''L’autonomie collective en action: du Centre Social Autogéré de Pointe-Saint-Charles au Bâtiment 7''
Référence: Kruzynski, Anna. (2017a). L’autonomie collective en action: du Centre Social Autogéré de Pointe-Saint-Charles au Bâtiment 7, Nouvelles pratiques sociales, 29 (1) : 139-158
Thèses et questions de recherche
Objectif de la recherche :
« examiner les pratiques politiques, culturelles et économiques mises en oeuvre par le Centre social autogéré de Pointe-Saint-Charles (CSA) à l’aune du concept d’autonomie collective. (p. 141)

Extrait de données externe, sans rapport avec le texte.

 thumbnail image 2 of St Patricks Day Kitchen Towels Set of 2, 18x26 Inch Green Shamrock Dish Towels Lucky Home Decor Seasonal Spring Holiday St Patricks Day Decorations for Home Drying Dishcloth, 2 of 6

évaluer la portée révolutionnaire de l’appropriation collective du bâtiment 7, une « initiative libertaire en marge de l’économie sociale au Québec » (p. 141)
Thèse centrale :
Des initiatives comme celle du centre social autogéré de Pointe-Saint-Charles s’inscrivent dans un processus révolutionnaire de transformation des pratiques sociales, économiques, culturelles et politiques d’une communauté. (p. 156)
Méthodologie
« l’analyse est largement informée par l’expérience de l’auteure. Celle-ci est cofondatrice de la Pointe libertaire et du CSA et a donc été partie prenante du cheminement décrit dans ce texte. L’analyse est aussi basée sur des documents produits par le CSA et sur le récit de la lutte écrit par la Pointe libertaire. » (p. 142)
Arguments et concepts
L'autonomie collective est un processus « ancré dans la promotion d’une société fondée sur les principes de l’autodétermination — possibilité pour une collectivité de disposer d’elle-même — et de l’auto-organisation — possibilité pour cette même collectivité de contrôler les moyens qui orientent sa destinée. En ce sens, le projet politique de la communauté antiautoritaire ne se révèle pas tant dans le rapport qui est établi avec les autorités politiques que dans un mode de résistance déployé au quotidien et dans des espaces de proximité, sur la base des expériences concrètes vécues par des collectivités (Sarrasin et al., 2016, p. 231 dans Krusynski 2017 p. 141)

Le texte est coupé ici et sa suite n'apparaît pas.